(10 points - due by Monday, July 25 at 8:00 PM)
There a number of sites on the web that will generate random YouTube videos for you - for example Random-ize and YT Roulette. Google will find more. Using one of these sites, generate a table of 5 random YouTube videos. Using Random-ize, I generated the following five videos:
I entered the table like so:
| Kid Appropriate | Comment | Link |
| :---: | :---: | :---: |
| N | Language | [link](https://www.youtube.com/watch?v=EovG1QzAL2k) |
| Y | It's *for* kids! | [link](https://www.youtube.com/watch?v=eadOJLjvvC0) |
| Y | | [link](https://www.youtube.com/watch?v=EBM854BTGL0) |
| Y | | [link](https://www.youtube.com/watch?v=WmujtTeoUdA)

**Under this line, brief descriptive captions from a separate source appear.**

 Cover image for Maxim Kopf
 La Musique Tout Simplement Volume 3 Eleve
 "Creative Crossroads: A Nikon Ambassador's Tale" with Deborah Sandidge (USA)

| N | kinda gross | [link](https://www.youtube.com/watch?v=U1O2bjD08ZI)
Results
The results are in and I’ve got the data stored in a CSV file:
df = read.csv('https://www.marksmath.org/data/AppropriatenessOfYouTubeVideosForChildren.csv')
df
# Out:
Y N B
1 3 2 0
2 3 1 1
........
15 3 2 0
Each row tallies the results of one post. For example, the second row records the results of Audrey’s post who found 3 Ys, 1 N, and 1 B. We can combine these into one overall tally by summing the rows:
colSums(df)
Y N B
45 21 9
Now, suppose we are interested in the following: what proportion of YouTube videos are inappropriate for kids - either clearly inappropriate (with an N) or borderline (with a B). We could ask R for a confidence interval as follows:
d = c(rep(0,45), rep(1,30))
t.test(d)
# Out:
One Sample t-test
data: d
t = 7.0238, df = 74, p-value = 8.876e-10
alternative hypothesis: true mean is not equal to 0
95 percent confidence interval:
0.2865257 0.5134743
sample estimates:
mean of x
0.4
Looks like our 95% confidence interval is from just over a quarter to just over a half.
Additional exercises:
- List any problems you think there might be with our sampling technique.
- Use the basic formulae for confidence intervals to compute the confidence interval directly.